JULIEN.—Oui. Frédéric, je suis ton ami, ton frère. Je garderai ta place pour ton retour.»

Ils causèrent longtemps encore. Frédéric sentit son coeur soulagé après cette conversation; sa tristesse se dissipa, et il se raffermit dans ses bons sentiments.

Tous deux servirent M. Georgey pendant son dîner, et tous deux s'efforcèrent de lui témoigner leur reconnaissance par mille petits soins, que M. Georgey recevait avec plaisir et affection.

XXI

LES ADIEUX

Cinq à six jours après, Caroline apporta à M. Georgey une lettre timbrée de Lyon. Il la lut et appela Frédéric.

«Voilà, dit-il, c'était lé réponse du colonel.»
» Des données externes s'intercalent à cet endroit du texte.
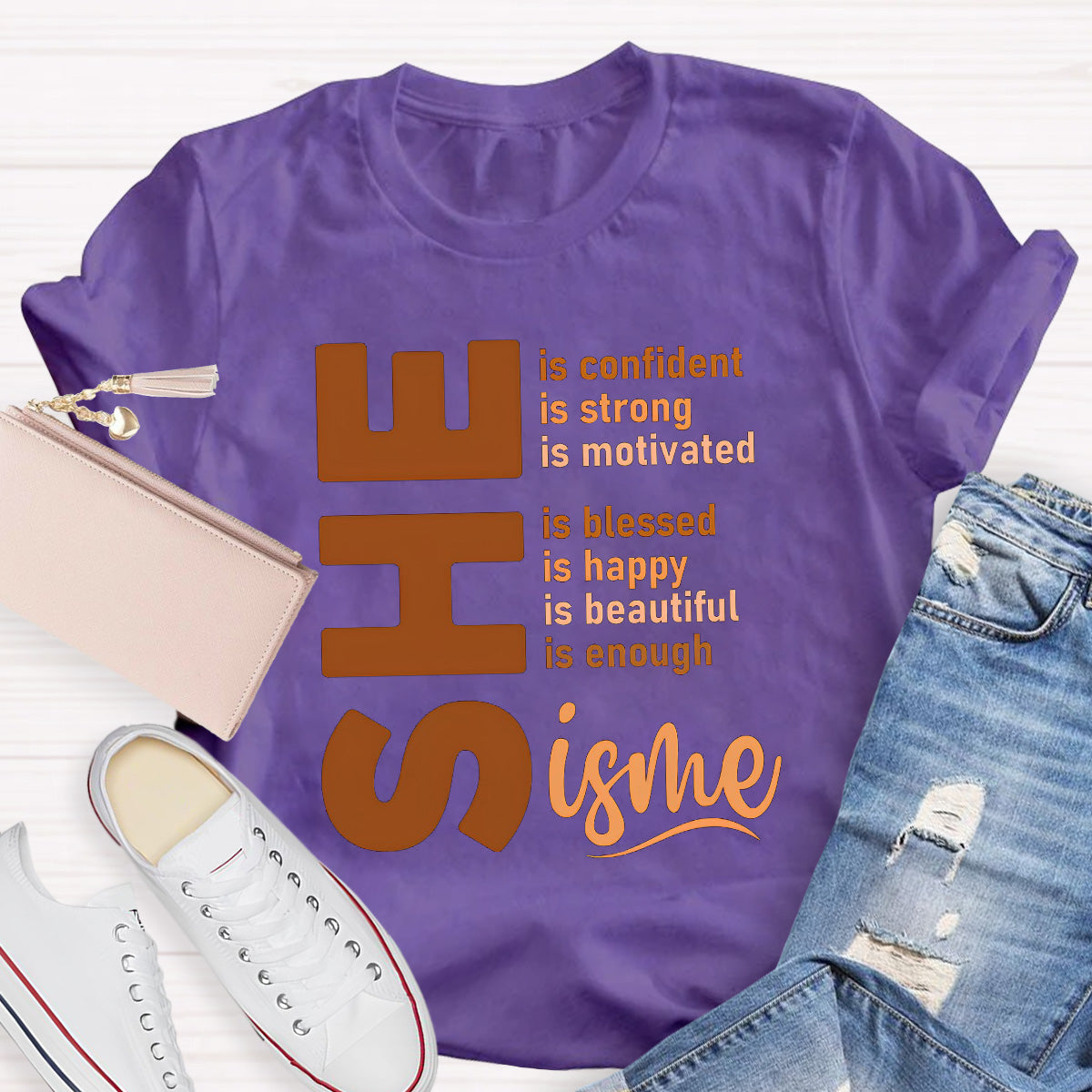 She Is Me Teacher T-Shirt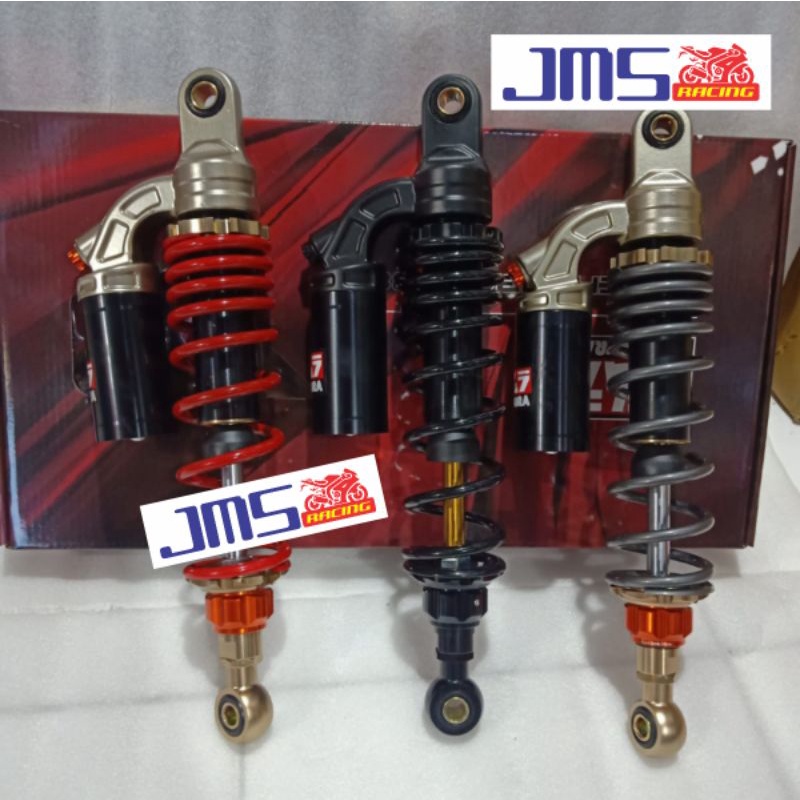 shock yoshimura model ktc racing tipe evo tabung atas ukuran 280/320/340mm aerox nmax new nmax old pcx150 adv150 rx king tiger fizr nouvo suprax125 blade revo absolute vega r jupiter z smash shogun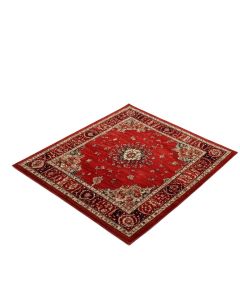 Wemoorland Power Loom Red Area Rug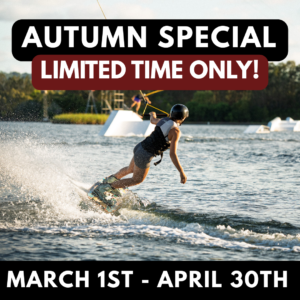 Wake Park - Autumn Membership Special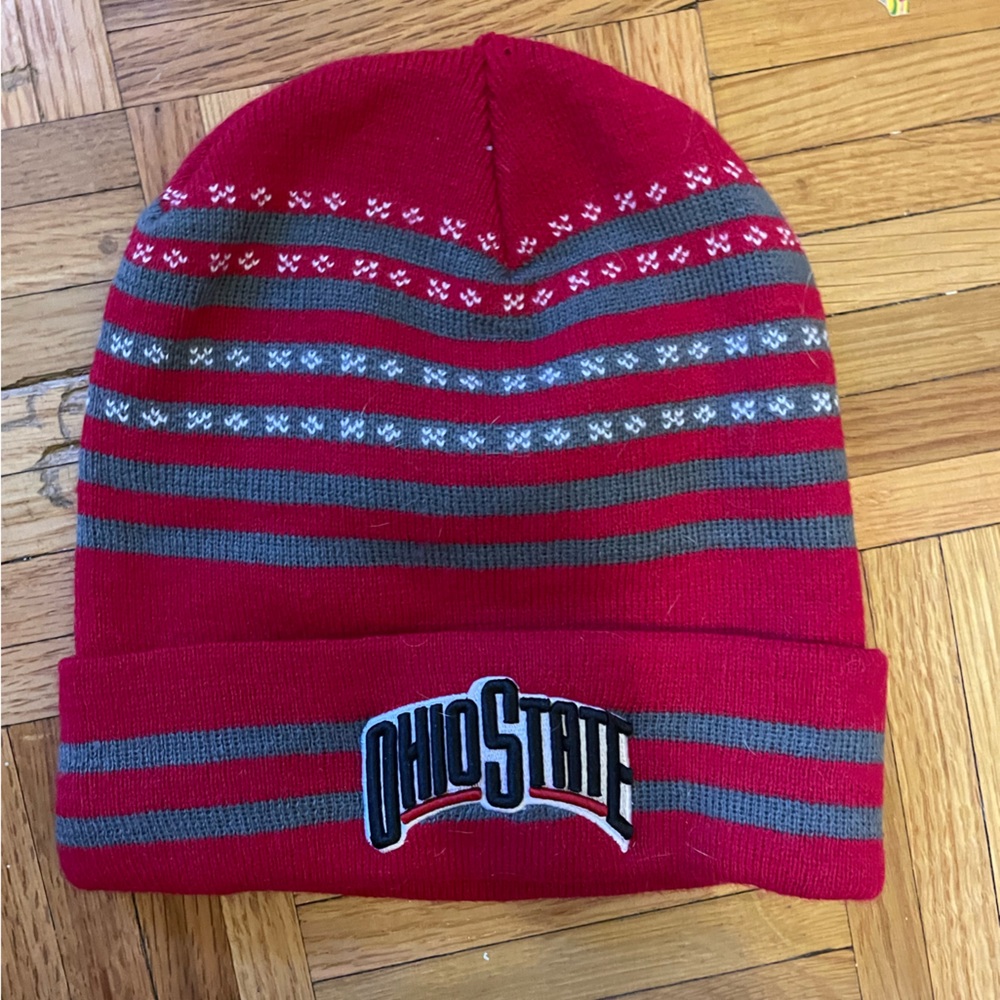 Ohio State Beanie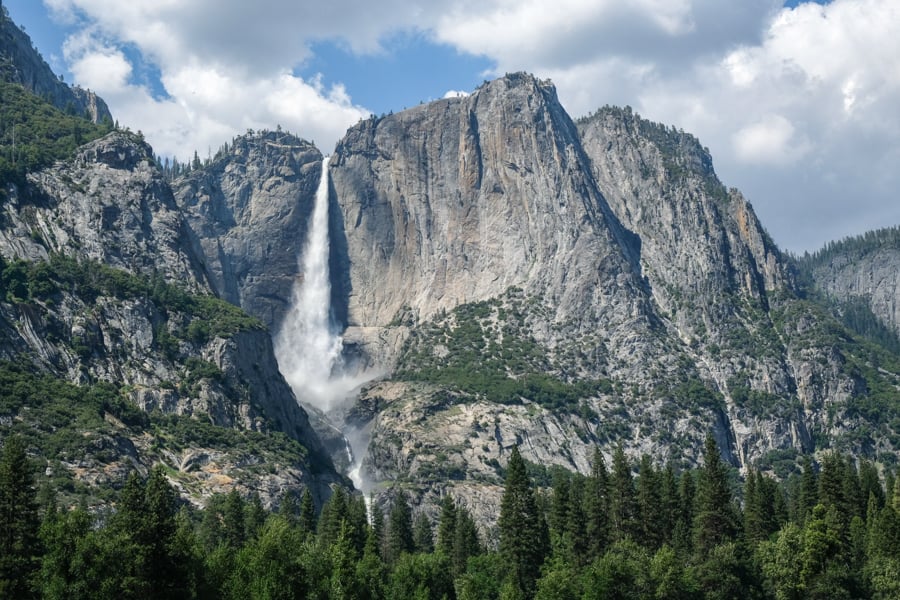 Yosemite Falls One Day Itinerary National Park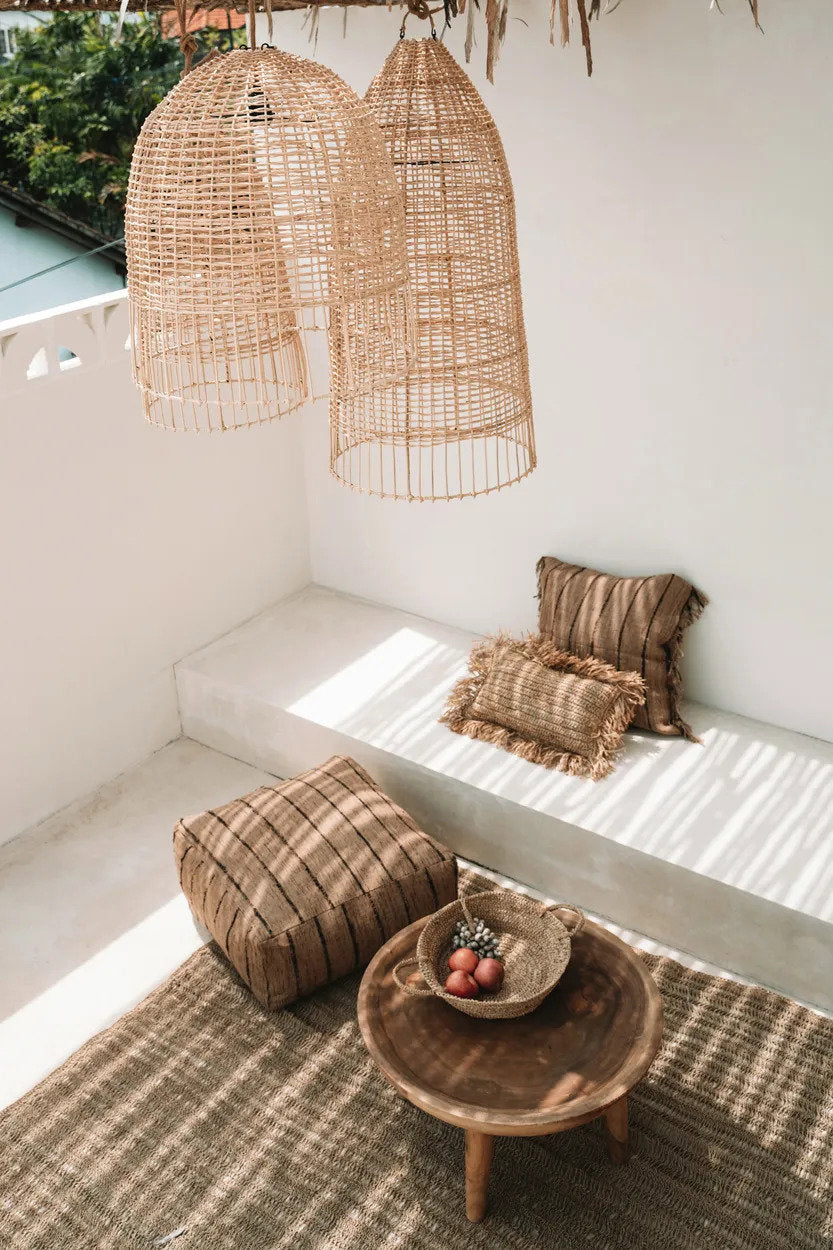 Koristetyynynpäällinen Oh My Gee, beige/musta 40x40 Bazar Bizar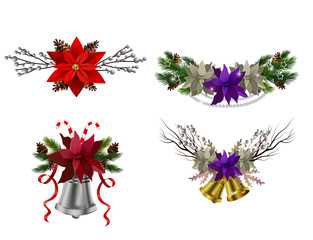 Christmas decoration set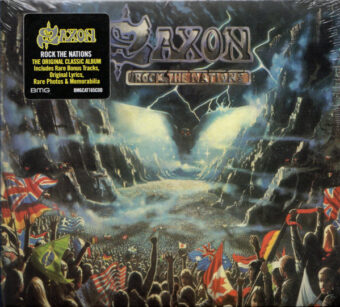 Saxon - Rock The Nations CD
Frédéric prit la lettre et lut:

«Mon cher Georgey, envoyez-moi de suite le jeune homme dont vous me parlez, et auquel vous prenez un si vif intérêt. J'en aurai soin: soyez tranquille sur son avenir. Il faudra qu'il passe six mois au dépôt du régiment. Après ce temps, je me le ferai envoyer en Algérie, où nous sommes pour quelques années encore. J'espère que vous n'oublierez pas la visite que vous m'avez promise. Vous trouverez ici de quoi satisfaire votre goût pour les manufactures de toute espèce. Adieu, mon ami: mille amitiés reconnaissantes pour les services que vous m'avez rendus et que je n'oublierai jamais.